Aims/introduction: Type 2 diabetes is often complicated by diabetic foot syndrome (DFS). We analyzed the circulating stem cells, growth factor and anti-oxidant gene expression profiles in type 2 diabetes patients without or with different forms of DFS.
Materials and methods: Healthy volunteers (n = 13) and type 2 diabetes patients: (i) without DFS (n = 10); or with (ii) Charcot osteoneuropathy (n = 10); (iii) non-infected (n = 17); (iv) infected (n = 11); and (v) healed ulceration were examined (n = 12). Peripheral blood endothelial progenitor cells (EPC), mesenchymal stem cells (MSC), hematopoietic stem cells (HSC) and very small embryonic-like (VSEL) cells were phenotyped using flow cytometry. Plasma cytokine concentrations and gene expressions in blood cells were measured by Luminex and quantitative real-time polymerase chain reaction assays, respectively.

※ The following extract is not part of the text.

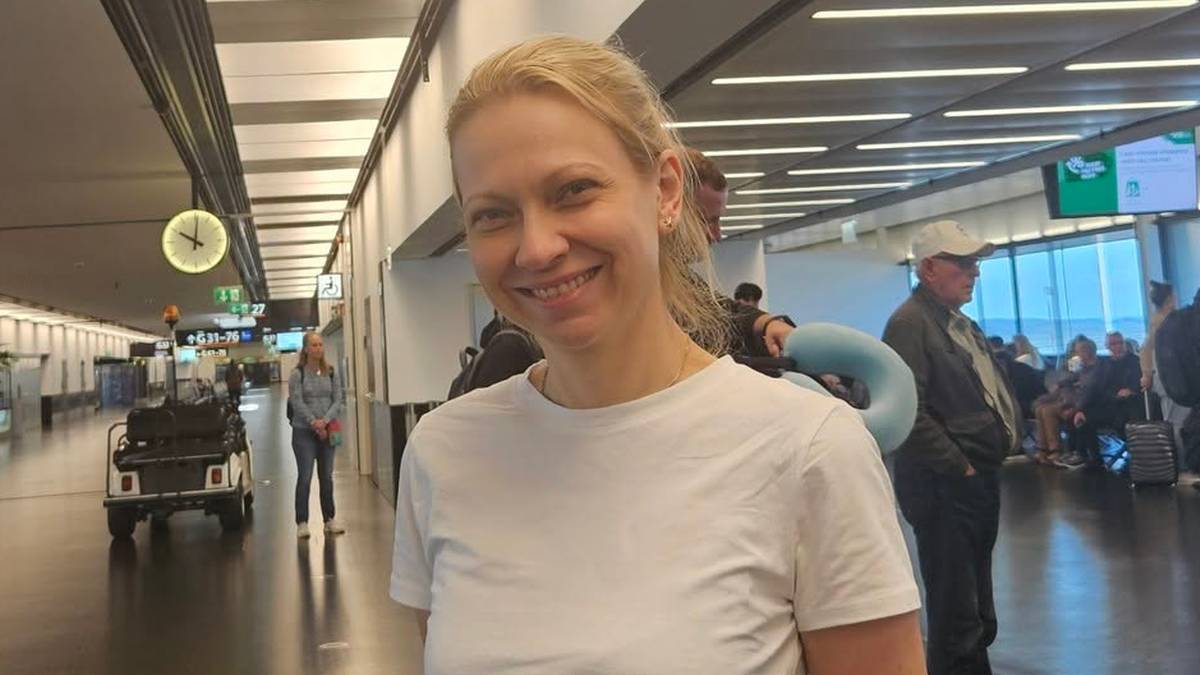 Uśmiechnięta kobieta z blond włosami w białej koszulce stoi w tle lotniska.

Results: Patients with non-complicated type 2 diabetes showed reduced HMOX1 expression, accompanied by HMOX2 upregulation, and had less circulating EPC, MSC or HSC than healthy subjects. In contrast, VSEL cells were elevated in the type 2 diabetes group. However, subjects with DFS, even with healed ulceration, had fewer VSEL cells, more CD45-CD29(+)CD90(+)MSC, and upregulated HMOX1 when compared with the type 2 diabetes group. Patients with Charcot osteopathy had lowered plasma fibroblast growth factor-2. Elevated plasma tumor necrosis factor-α and decreased catalase expression was found in all diabetic patients.

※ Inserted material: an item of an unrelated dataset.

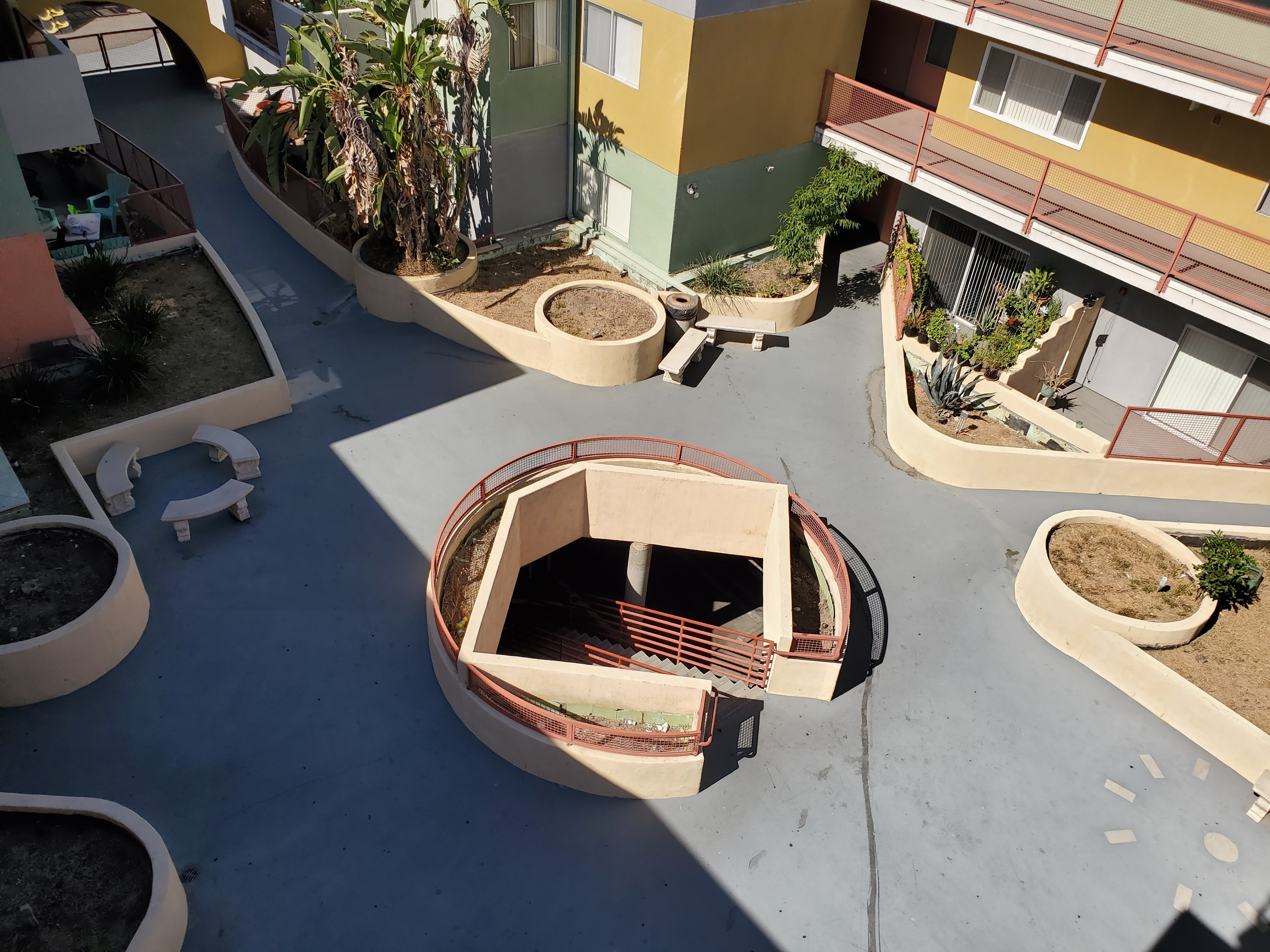 View of a patio, courtyard style, concrete benches, a round spiral stairs in the middle with handrails, plants around.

Conclusions: Patients with type 2 diabetes and different forms of DFS have an altered number of circulating stem cells. Type 2 diabetes might also be associated with a changed plasma growth factor and anti-oxidant gene expression profile. Altogether, these factors could contribute to the pathogenesis of different forms of DFS.
Keywords: Anti‐oxidant genes; Diabetic foot syndrome; Stem cells.